What needs to be done: Write again exactly the lines in the listing below, starting at the line with "Gateway Arch - Tom" and ending at the line with "Atrakcyjna Blondynka Pomocą", both included. Pictures are not copied.

Available records:
◇ ◇ ◇ ◇

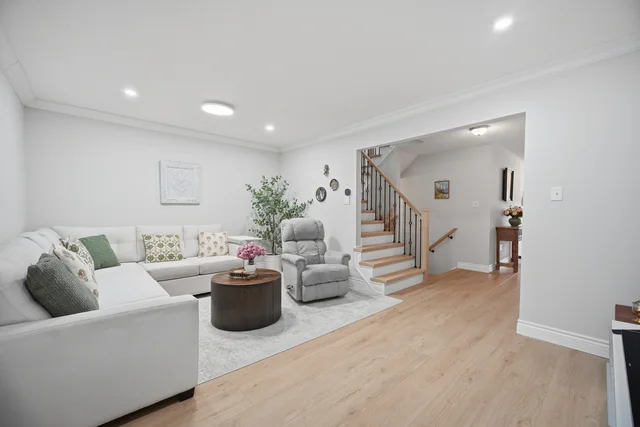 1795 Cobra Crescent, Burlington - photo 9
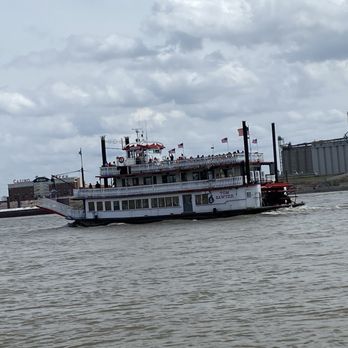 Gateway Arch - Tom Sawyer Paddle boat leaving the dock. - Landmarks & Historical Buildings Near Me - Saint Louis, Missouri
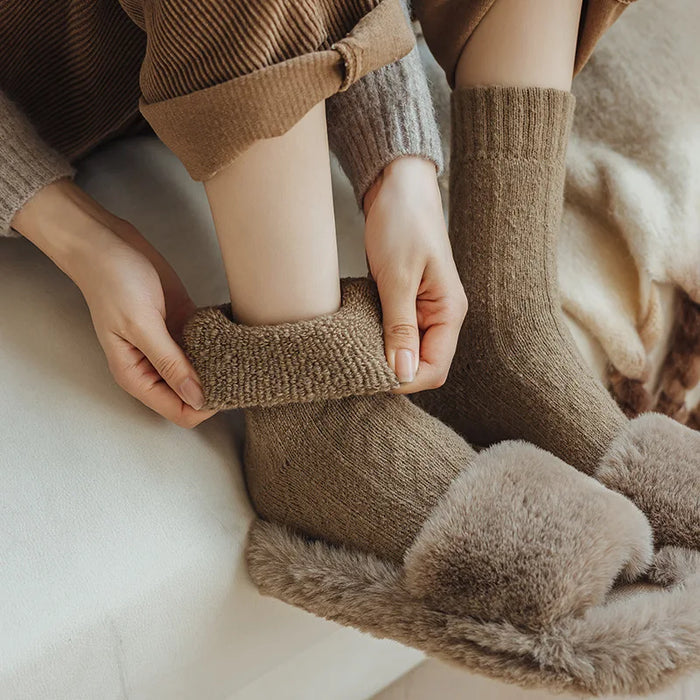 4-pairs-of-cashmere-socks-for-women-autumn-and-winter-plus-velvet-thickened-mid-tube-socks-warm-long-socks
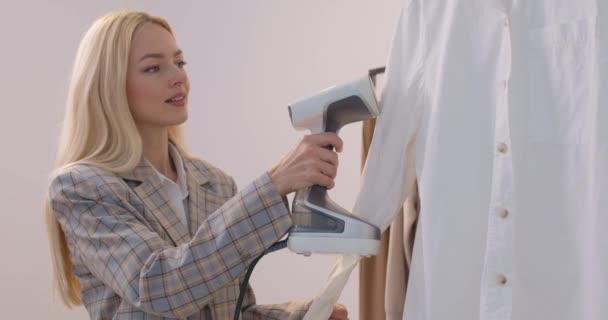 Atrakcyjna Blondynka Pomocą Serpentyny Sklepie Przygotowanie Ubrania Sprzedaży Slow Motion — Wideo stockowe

◇ ◇ ◇ ◇

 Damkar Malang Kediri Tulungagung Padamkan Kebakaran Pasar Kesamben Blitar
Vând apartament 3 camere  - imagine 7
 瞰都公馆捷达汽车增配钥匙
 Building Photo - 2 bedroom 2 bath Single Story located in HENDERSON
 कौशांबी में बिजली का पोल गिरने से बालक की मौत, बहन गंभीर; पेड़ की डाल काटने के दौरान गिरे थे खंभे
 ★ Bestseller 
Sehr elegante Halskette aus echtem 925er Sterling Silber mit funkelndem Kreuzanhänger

◇ ◇ ◇ ◇

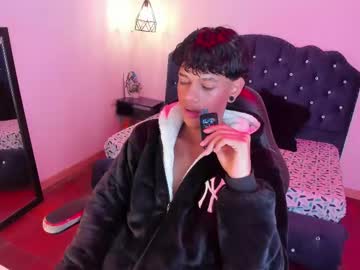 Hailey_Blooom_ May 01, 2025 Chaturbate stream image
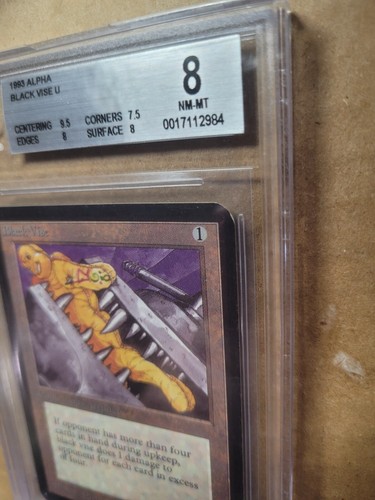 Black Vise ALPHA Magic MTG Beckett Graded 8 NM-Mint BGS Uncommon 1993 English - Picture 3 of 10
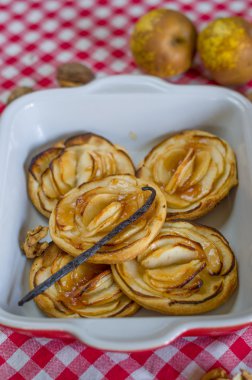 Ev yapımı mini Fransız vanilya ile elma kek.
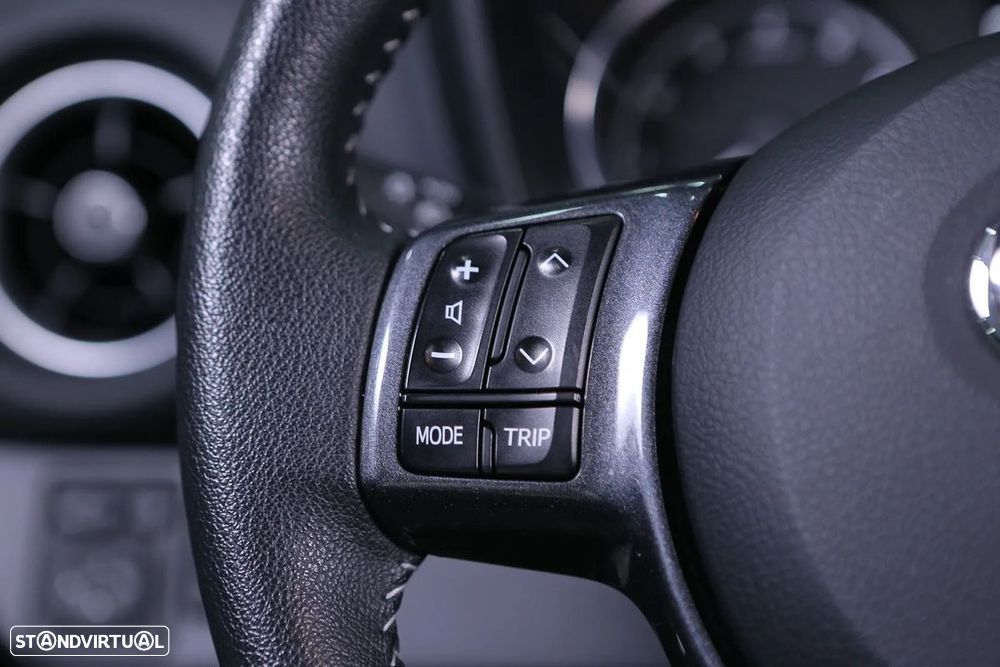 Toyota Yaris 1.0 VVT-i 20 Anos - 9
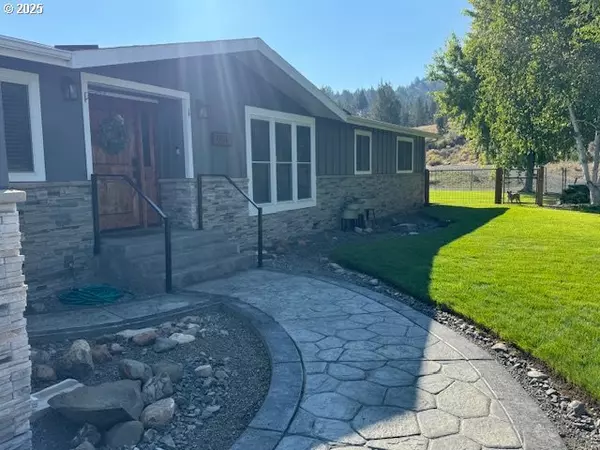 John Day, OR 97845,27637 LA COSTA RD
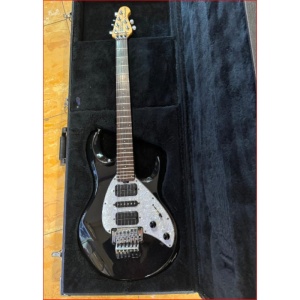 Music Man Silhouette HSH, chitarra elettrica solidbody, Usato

◇ ◇ ◇ ◇

Task response:
 Gateway Arch - Tom Sawyer Paddle boat leaving the dock. - Landmarks & Historical Buildings Near Me - Saint Louis, Missouri
 4-pairs-of-cashmere-socks-for-women-autumn-and-winter-plus-velvet-thickened-mid-tube-socks-warm-long-socks
 Atrakcyjna Blondynka Pomocą Serpentyny Sklepie Przygotowanie Ubrania Sprzedaży Slow Motion — Wideo stockowe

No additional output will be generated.